Elite is no more. Good thing I didn't get stuck at that place >_<


----------



## Acej10 (Aug 6, 2015)

BASICallyEMT said:


> Elite is no more. Good thing I didn't get stuck at that place >_<


Yea lol but for me that was my foot in the door. I was there for only 2 weeks when this happened


----------



## Docroth8404 (Aug 9, 2015)

Acej10 said:


> Yea lol but for me that was my foot in the door. I was there for only 2 weeks when this happened


I applied at Elite


Acej10 said:


> Yea lol but for me that was my foot in the door. I was there for only 2 weeks when this happened


That sucks. I know a few guys from Elite. I was about to start there when they shut down. If you are still looking, Firstmed out of Sun Valley just hired me and they're looking for EMT's.
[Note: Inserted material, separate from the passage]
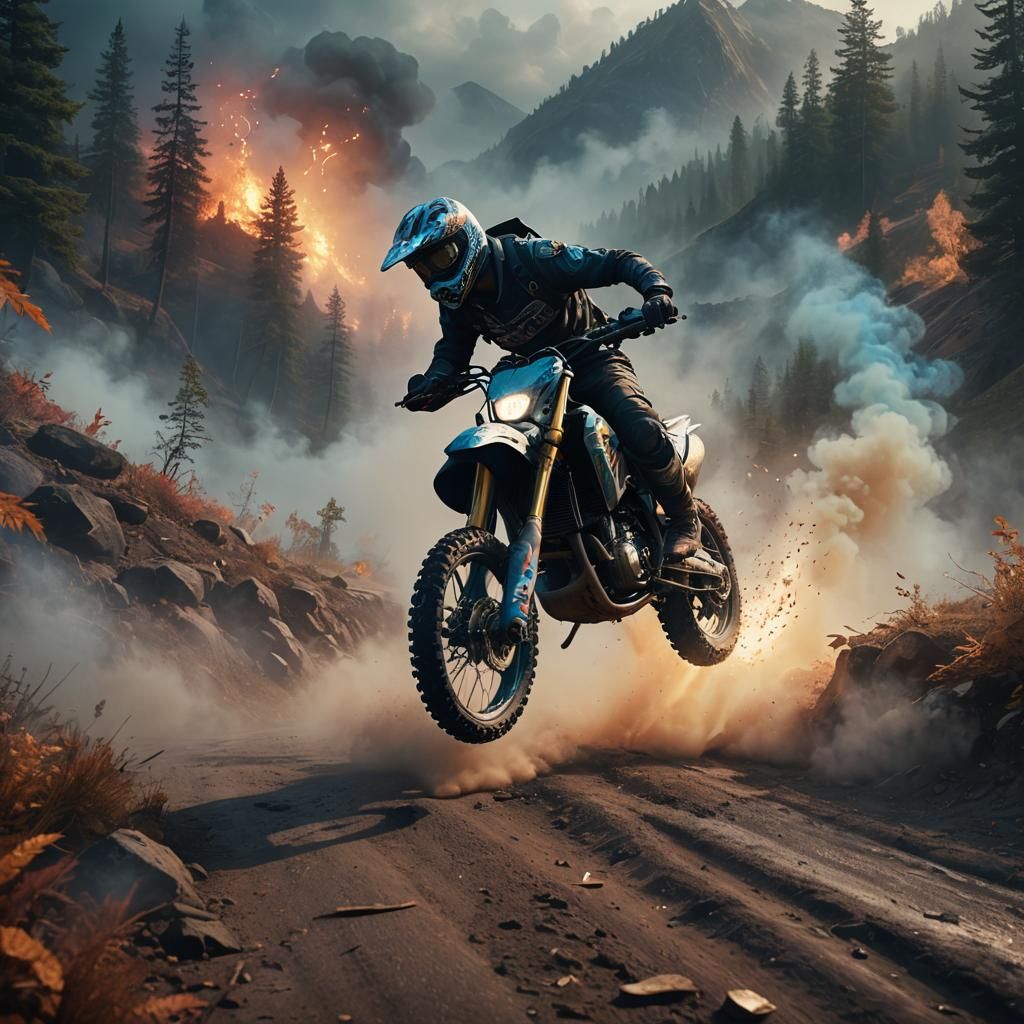 Dirtbike Burnout on Mystical Mountain Road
Management is awesome.  Plenty of overtime, so im happy. Im fixed at two 24's at 11/hr!


----------



## Acej10 (Aug 9, 2015)

Docroth8404 said:


> I applied at Elite
> 
> That sucks. I know a few guys from Elite. I was about to start there when they shut down. If you are still looking, Firstmed out of Sun Valley just hired me and they're looking for EMT's. Management is awesome.  Plenty of overtime, so im happy. Im fixed at two 24's at 11/hr!
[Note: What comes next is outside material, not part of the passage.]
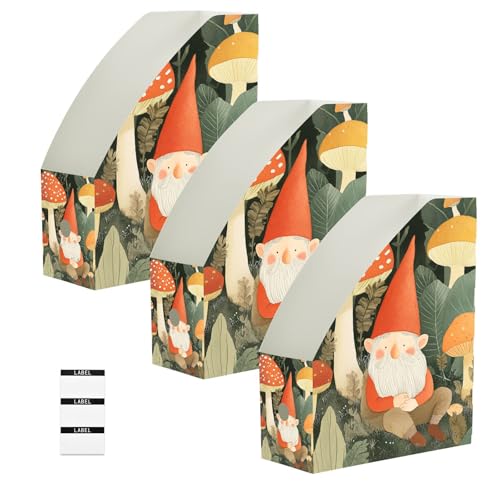 Classeur pliable pour magazines lot de 3 - Organisateur documents 23x31 cm motif champignons nains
Ima apply there. I got hired at liberty but its way to far and out of the way for me. I live in sunvalley so that would be awesome.i passed an amr written test but the damg skills test is 2weeks from today. Its ridiculous


----------



## jgmedic (Aug 12, 2015)

Acej10 said:


> Ima apply there. I got hired at liberty but its way to far and out of the way for me. I live in sunvalley so that would be awesome.i passed an amr written test but the damg skills test is 2weeks from today. Its ridiculous



Umm.....why is that ridiculous?


----------



## Acej10 (Aug 12, 2015)

jgmedic said:


> Umm.....why is that ridiculous?


Its not, gives me time to refresh. I was frustrated at the time I wrote that over work.


----------



## Docroth8404 (Aug 12, 2015)

It is ridiculous to wait 2 weeks for a skills test.


----------



## Handsome Robb (Aug 12, 2015)

Docroth8404 said:


> It is ridiculous to wait 2 weeks for a skills test.



Why?


----------



## Docroth8404 (Aug 17, 2015)

I dont know. I guess ridiculous sounds insulting. Ill rephrase,  I want to get paid today not in 2 weeks.


----------